Information supplied —
·····

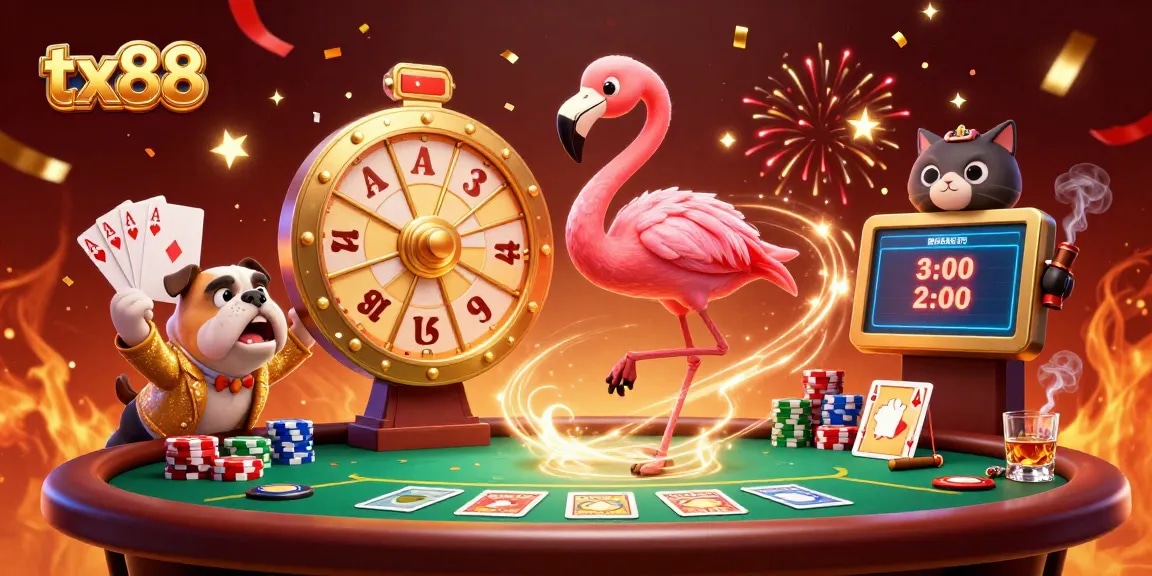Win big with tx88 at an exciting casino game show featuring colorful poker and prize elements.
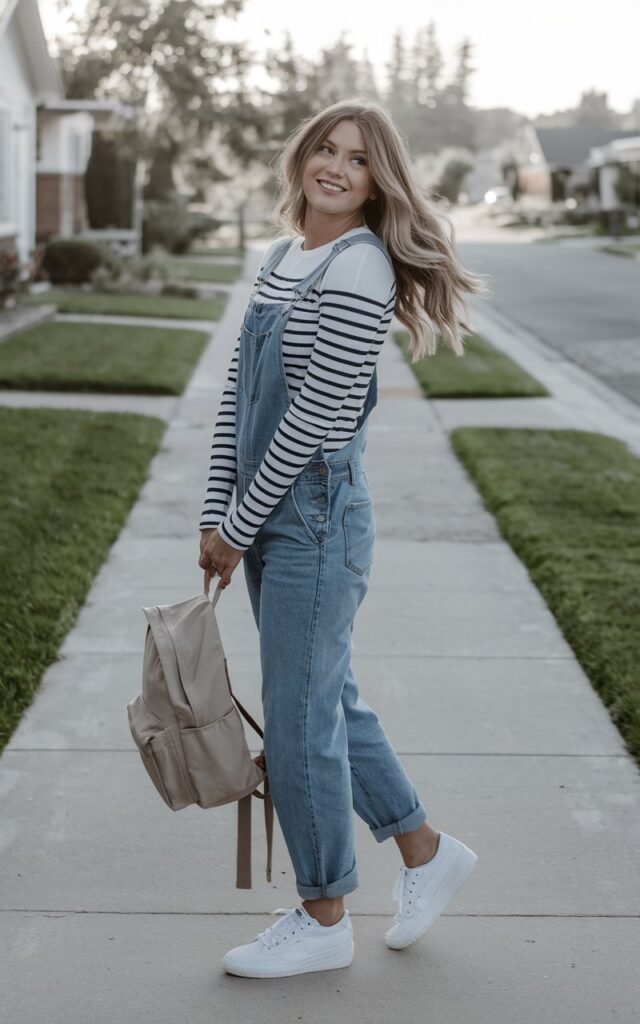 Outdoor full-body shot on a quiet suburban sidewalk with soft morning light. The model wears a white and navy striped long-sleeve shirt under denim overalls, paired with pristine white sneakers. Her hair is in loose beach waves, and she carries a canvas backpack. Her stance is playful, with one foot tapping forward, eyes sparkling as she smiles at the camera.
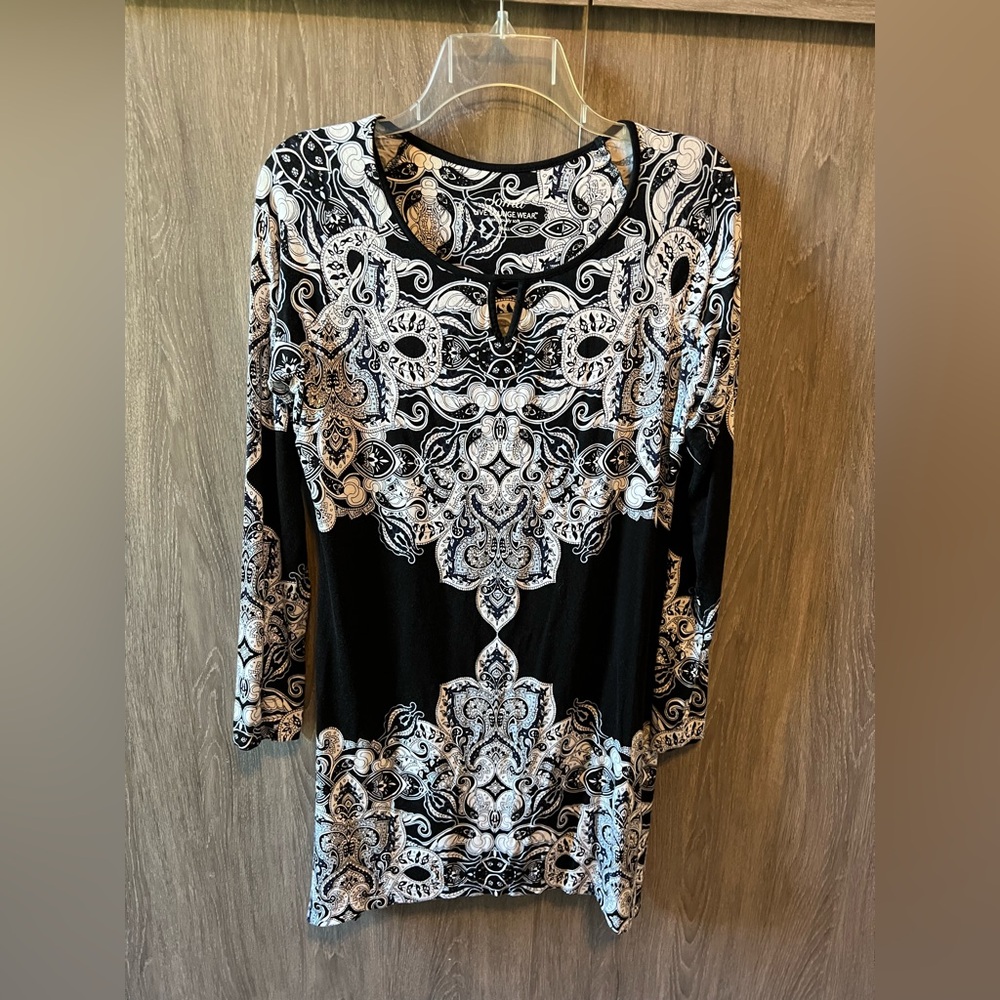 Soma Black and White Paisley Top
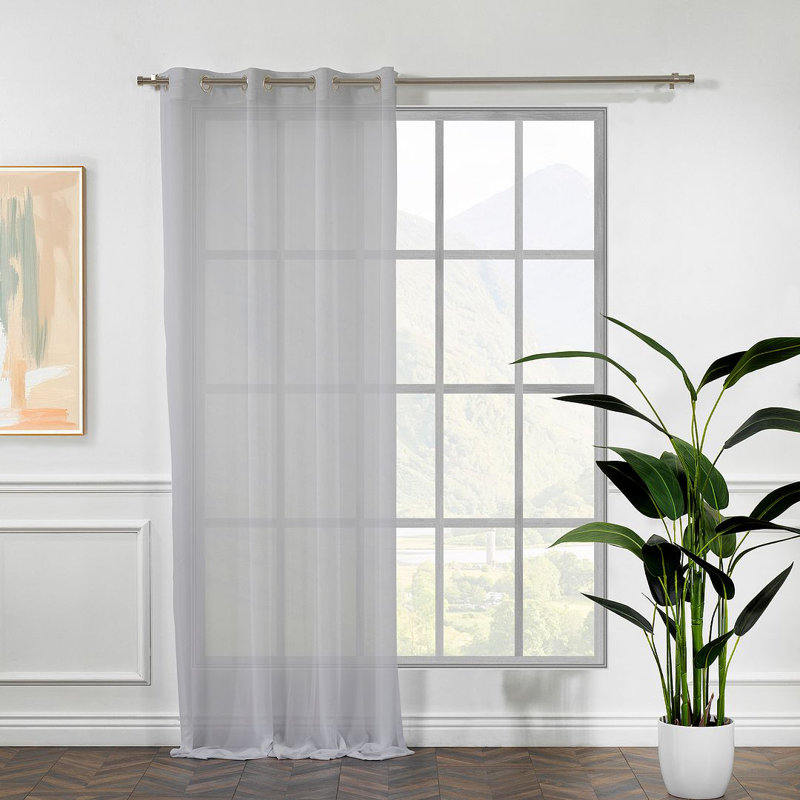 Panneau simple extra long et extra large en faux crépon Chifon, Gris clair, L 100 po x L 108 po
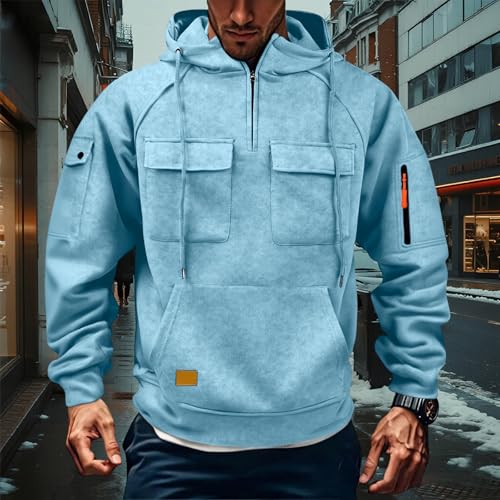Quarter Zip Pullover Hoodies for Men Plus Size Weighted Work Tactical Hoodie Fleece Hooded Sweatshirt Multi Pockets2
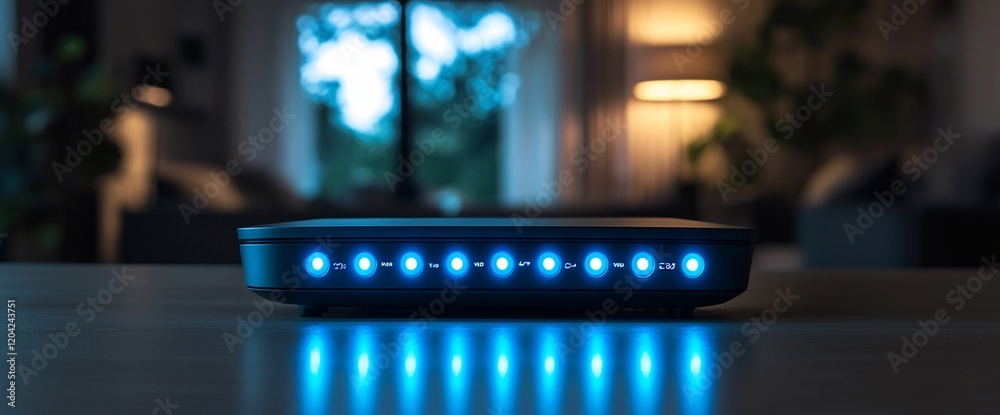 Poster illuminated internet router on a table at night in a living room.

·····

What you should do — Pictures do not belong in the copy. Output all of the records exactly.

Response below —
Win big with tx88 at an exciting casino game show featuring colorful poker and prize elements.
 Outdoor full-body shot on a quiet suburban sidewalk with soft morning light. The model wears a white and navy striped long-sleeve shirt under denim overalls, paired with pristine white sneakers. Her hair is in loose beach waves, and she carries a canvas backpack. Her stance is playful, with one foot tapping forward, eyes sparkling as she smiles at the camera.
 Soma Black and White Paisley Top
 Panneau simple extra long et extra large en faux crépon Chifon, Gris clair, L 100 po x L 108 po
Quarter Zip Pullover Hoodies for Men Plus Size Weighted Work Tactical Hoodie Fleece Hooded Sweatshirt Multi Pockets2
 Poster illuminated internet router on a table at night in a living room.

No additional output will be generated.